[web-anim] Web animations minutes, 17 / 18 December 2012

Web animations minutes, 17 / 18 December 2012
(Bumper Christmas edition)

Etherpad: https://etherpad.mozilla.org/ep/pad/view/ro.McqSq5rhwYm/latest
Present: Dmitry Baranovskiy, Steve Block, Shane Stephens, Douglas 
Stockwell, Brian Birtles

Agenda:

1. Status update
2. Keyframe revision
3. Comparing with QML
4. Comparing with Core Animation
5. Feedback from Rob Arnold
6. Null animation function
7. Interaction with script
8. Time sources
9. Fixing Anim.duration vs Anim.timing.duration
10. The chopping block
11. GroupedAnimationEffect
12. Override stylesheets
13. Animation stack & Keyframe animations
14. Default fill mode


1. STATUS UPDATE
================

Brian:
* Writing up events stuff

Shane:
* Travelling, polyfill hacking, talking to interested Googlers about Web 
Animations


2. KEYFRAMES REVISION
=====================
(Brian)

I've revised the keyframes interfaces with the following changes:
* Add ctors
* Redone the way we interpret values to the ctor since 
sequence<DOMString> and sequence<KeyframesDictionary> are not 
distinguishable
* Add a distribute method to space all the keyframes out evenly

This distribute method in particular hopefully makes it easier to 
add/remove keyframes whilst keeping them equally spaced.

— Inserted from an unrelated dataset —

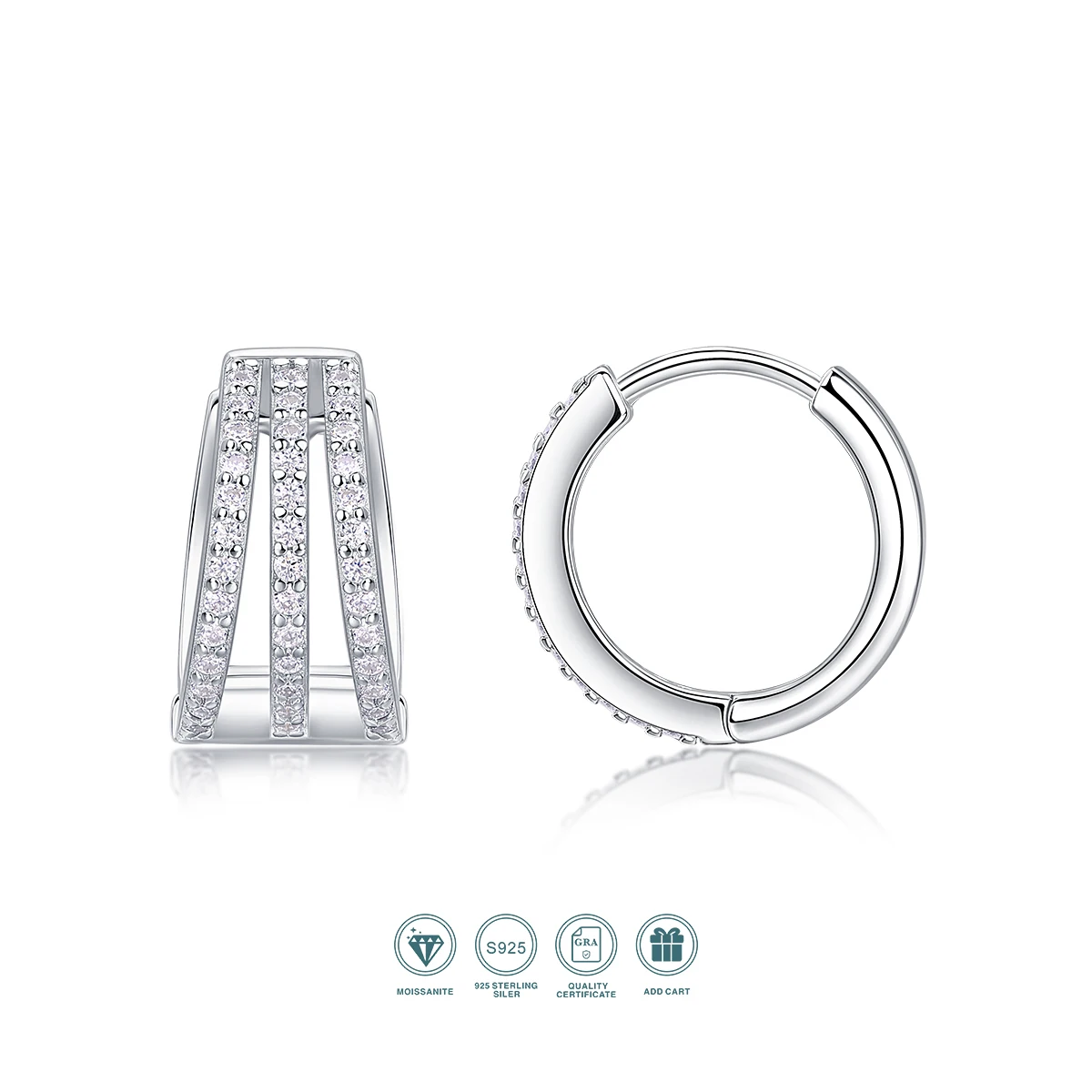 

2pcs Moissanite Half Hoop Earrings 925 Sterling Silver 18K Gold Plated Classic Pave Design for Women GRA Certified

(I had another proposal here where we allowed null offsets that meant 
'space me out evenly' but it was complex so I dropped it.)

Shane: LGTM.

3. COMPARING WITH QML
=====================
(Brian)

ben 
(http://brian.sol1.net/svg/2012/10/31/web-animations/comment-page-1/#comment-38011) 
suggested we consider QML
http://doc.qt.nokia.com/4.8-snapshot/qdeclarativeelements.html

Some observations:
* Many features are similar, even the parallel and sequence animations 
are similar. That's good news.

* SpringAnimation element
    -- could be realised with the proposed SmoothTimingFunc and then add 
some syntactic sugar to make bouncing animations easier
    -- I've asked Pomax (author of 
http://processingjs.nihongoresources.com/bezierinfo/) for some help with 
SmoothTimingFunc.

* Includes a PauseAnimation -- temporal equivalent of a spacer gif
    -- worth adding?
    -- Shane: I have an alternative approach that is simpler than a new 
primitive (and also useful for the trigger stuff :))

* Terminology
    -- They don't have groups. Should we just call ParAnimGroup, ParAnim?
    -- Shane: I think distinguishing between groups and root animations 
is useful.

* Uses ms (integer) for duration. window.setTimeout etc. use ms as well. 
Perhaps ms are more common on the web platform? Should we use ms 
instead? And if so, is an integer too imprecise?

Shane: No! Seconds are really easy to use and make code look good.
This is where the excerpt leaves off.